Top of Given records
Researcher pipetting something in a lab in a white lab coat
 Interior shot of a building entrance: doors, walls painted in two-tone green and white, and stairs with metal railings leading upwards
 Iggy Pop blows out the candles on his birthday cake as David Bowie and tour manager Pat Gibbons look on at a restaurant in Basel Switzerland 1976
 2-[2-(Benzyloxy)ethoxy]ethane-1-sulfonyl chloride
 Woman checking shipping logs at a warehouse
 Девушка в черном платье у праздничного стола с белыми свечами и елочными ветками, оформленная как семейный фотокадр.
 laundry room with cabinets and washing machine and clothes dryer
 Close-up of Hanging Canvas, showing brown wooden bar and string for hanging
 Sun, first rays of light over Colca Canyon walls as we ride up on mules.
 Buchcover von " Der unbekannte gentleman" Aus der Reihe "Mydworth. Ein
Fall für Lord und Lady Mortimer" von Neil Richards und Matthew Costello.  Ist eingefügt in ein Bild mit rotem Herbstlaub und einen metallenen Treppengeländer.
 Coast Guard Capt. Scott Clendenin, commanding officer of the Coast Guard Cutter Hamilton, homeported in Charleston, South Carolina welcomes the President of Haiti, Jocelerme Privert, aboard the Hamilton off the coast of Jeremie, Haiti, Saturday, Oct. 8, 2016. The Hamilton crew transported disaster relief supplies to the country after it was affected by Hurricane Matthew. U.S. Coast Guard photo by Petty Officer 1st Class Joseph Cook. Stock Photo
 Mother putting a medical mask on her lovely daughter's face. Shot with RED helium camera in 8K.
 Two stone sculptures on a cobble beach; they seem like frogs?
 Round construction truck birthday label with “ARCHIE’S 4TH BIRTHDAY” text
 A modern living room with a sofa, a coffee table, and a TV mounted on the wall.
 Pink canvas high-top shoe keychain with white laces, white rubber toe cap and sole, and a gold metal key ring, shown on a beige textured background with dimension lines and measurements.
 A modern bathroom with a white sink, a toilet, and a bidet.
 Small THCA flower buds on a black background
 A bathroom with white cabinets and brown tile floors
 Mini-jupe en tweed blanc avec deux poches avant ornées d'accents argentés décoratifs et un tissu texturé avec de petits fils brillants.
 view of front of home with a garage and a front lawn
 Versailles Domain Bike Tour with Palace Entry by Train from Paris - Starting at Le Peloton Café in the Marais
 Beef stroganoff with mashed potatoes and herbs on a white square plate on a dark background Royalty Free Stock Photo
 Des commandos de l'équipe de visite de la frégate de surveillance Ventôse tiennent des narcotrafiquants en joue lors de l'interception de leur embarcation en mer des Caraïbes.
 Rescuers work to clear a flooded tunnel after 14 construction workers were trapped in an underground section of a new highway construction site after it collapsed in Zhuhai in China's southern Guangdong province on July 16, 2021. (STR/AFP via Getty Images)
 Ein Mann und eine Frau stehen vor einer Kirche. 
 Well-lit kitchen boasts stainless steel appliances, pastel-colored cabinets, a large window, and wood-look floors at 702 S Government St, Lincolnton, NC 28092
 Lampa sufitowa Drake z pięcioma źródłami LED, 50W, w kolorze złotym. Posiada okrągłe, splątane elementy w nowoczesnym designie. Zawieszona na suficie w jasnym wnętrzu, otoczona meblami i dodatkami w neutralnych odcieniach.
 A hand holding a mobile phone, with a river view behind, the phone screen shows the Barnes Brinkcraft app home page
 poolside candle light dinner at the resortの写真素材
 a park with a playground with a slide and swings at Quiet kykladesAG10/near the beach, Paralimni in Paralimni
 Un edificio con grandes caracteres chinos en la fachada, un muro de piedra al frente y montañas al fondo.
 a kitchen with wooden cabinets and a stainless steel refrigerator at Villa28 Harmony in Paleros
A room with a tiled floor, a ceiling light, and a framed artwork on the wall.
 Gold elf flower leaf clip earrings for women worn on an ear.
Bottom of Given records
## Try it:
Among the lines above, find those with the word "view". Copy them.

## Task response:
 view of front of home with a garage and a front lawn
 A hand holding a mobile phone, with a river view behind, the phone screen shows the Barnes Brinkcraft app home page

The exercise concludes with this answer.